The symbols for minutes and secondsin expressions for angles should be identified with the prime (U+2032) and the double prime (U+2033). However, these characters are rarely available, so it is common to use the ASCII apostrophe (U+0027) and the ASCII quotation mark (U+0022) as surrogates. In visual appearance, prime and double prime are clearly slanted, whereas apostrophe and quotation mark should have straight (vertical) glyphs according to Unicode, and they often have.
Several letterlike symbolsin Unicode denote characters used in the SI context, in a sense. However, this is mostly an illusion, and a misleading one. For example, the script small "l" (U+2113), is often used as a symbol for liter. However, the NIST Guide to SI units explicitly says: "The script letter is not an approved symbol for the liter." Such confusions will be separately discussed in the next section.

8.10.3.3. Letterlike symbols and the SI

People interested in unit symbols and Unicode have become surprised when they have found that, for example, the unit "degree Celsius" has a symbol of its own, U+2103, presenting °C as a single character. Similarly, for degree Fahrenheit (a completely non-SI unit of course), there is U+2109; for siemens, U+2127; and for Kelvin, U+212A, for example, in the Letterlike Symbols block. Educated people may well think that it is better to use such specific characters, with limited semantics, especially if dealing with documents that might be read by a text-to-speech converter later on, or otherwise processed by software that might use semantic information about characters. They might also be seen as typographically suitable, since they allow detailed formatting that corresponds to the specific meanings.

But in addition to being poorly supported in most fonts, such characters are inadequate in principle, by Unicode rules. For example, degree Celsius U+2103 is compatibility equivalent to U+00B0 U+0043 (i.e., degree sign followed by letter C). It has little to do with typographic correctness. Rather, it is a matter of compatibility, so that data containing that character in some non-Unicode encoding can be encoded in Unicode without losing the distinction between that character and the U+00B0 U+0043 pair, should someone wish to retain that distinction. This means that the data can also be converted back to the original encoding and get the original data exactly. It is not recommended for use in new, originally Unicode data. The Unicode standard says, in the discussion of unit symbols :

Unit Symbols. Several letterlike symbols are used to indicate units. In most cases, however, such as for SI units (Système International), the use of regular letters or other symbols is preferred. U+2113 SCRIPT SMALL L is commonly used as a non-SI symbol for the liter. Official SI usage prefers the regular lowercase letter l.

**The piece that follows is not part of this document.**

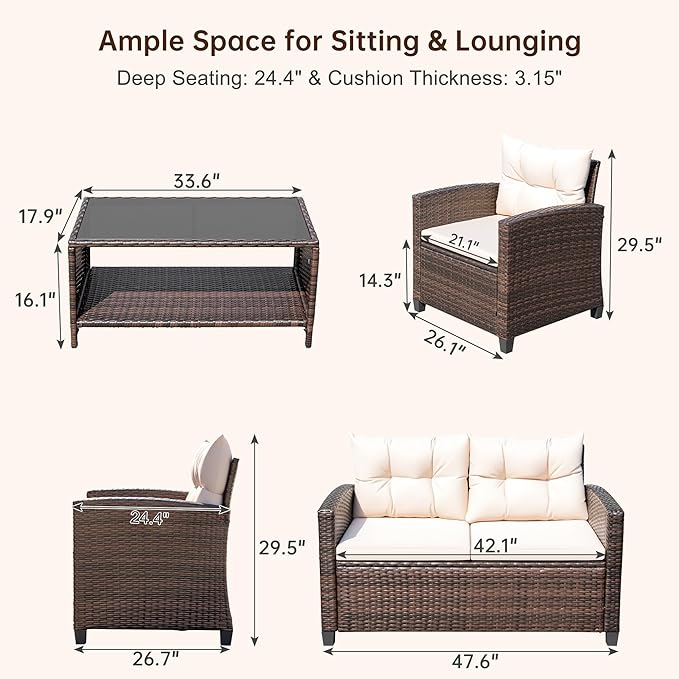Devoko 4-Piece Patio Furniture Set, All-Weather PE Rattan Outdoor Conversation Set with Thick Cushions & Glass Coffee Table, Brown Wicker Patio Sofa Set for Backyard, Porch, Garden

Three letterlike symbols have been given canonical equivalence to regular letters: U+2126 OHM SIGN, U+211A KELVIN SIGN, and U+211B ANGSTROM SIGN. In all three instances the regular letter should be used. In normal use, it is better to represent degrees Celsius "°C" with a sequence of U+00B0 DEGREE SIGN + U+0043 LATIN CAPITAL LETTER C, rather than U+2103 DEGREE CELSIUS. For searching, treat these two sequences as identical.

Unfortunately, the Unicode standard has wrong information about the symbol for the liter. The official position in the SI system is that both "l" and "L" are allowed, with no expressed preference (although in the U.S., "L" is preferred by national authorities).

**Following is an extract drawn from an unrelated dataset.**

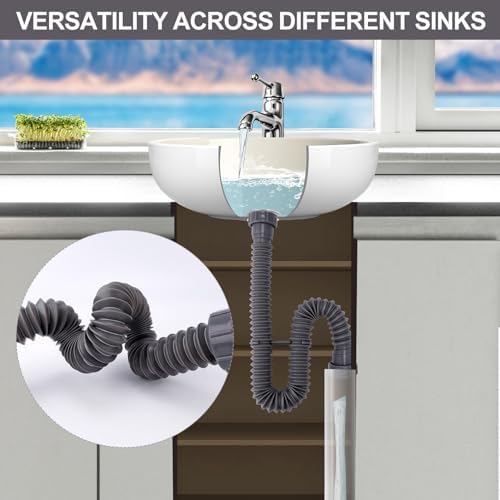 Sink Drain Kit, 1-1/2 Inch Expandable Flexible P-Trap 7.5 Inch - Image 7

The special letterlike characters discussed here were taken into Unicode due to their presence in some character codes used in East Asia, such as the Japanese JIS X 0212. These characters do their job in allowing conversions between character codes without losing information. Problems arise when people use utilities like the Character Map (described in Chapter 2) without knowing the background and looking just at the characters and their names.

To conclude, it is acceptable and recommendable to use normal Latin letters as SI unit symbols, such as "K" for kelvin.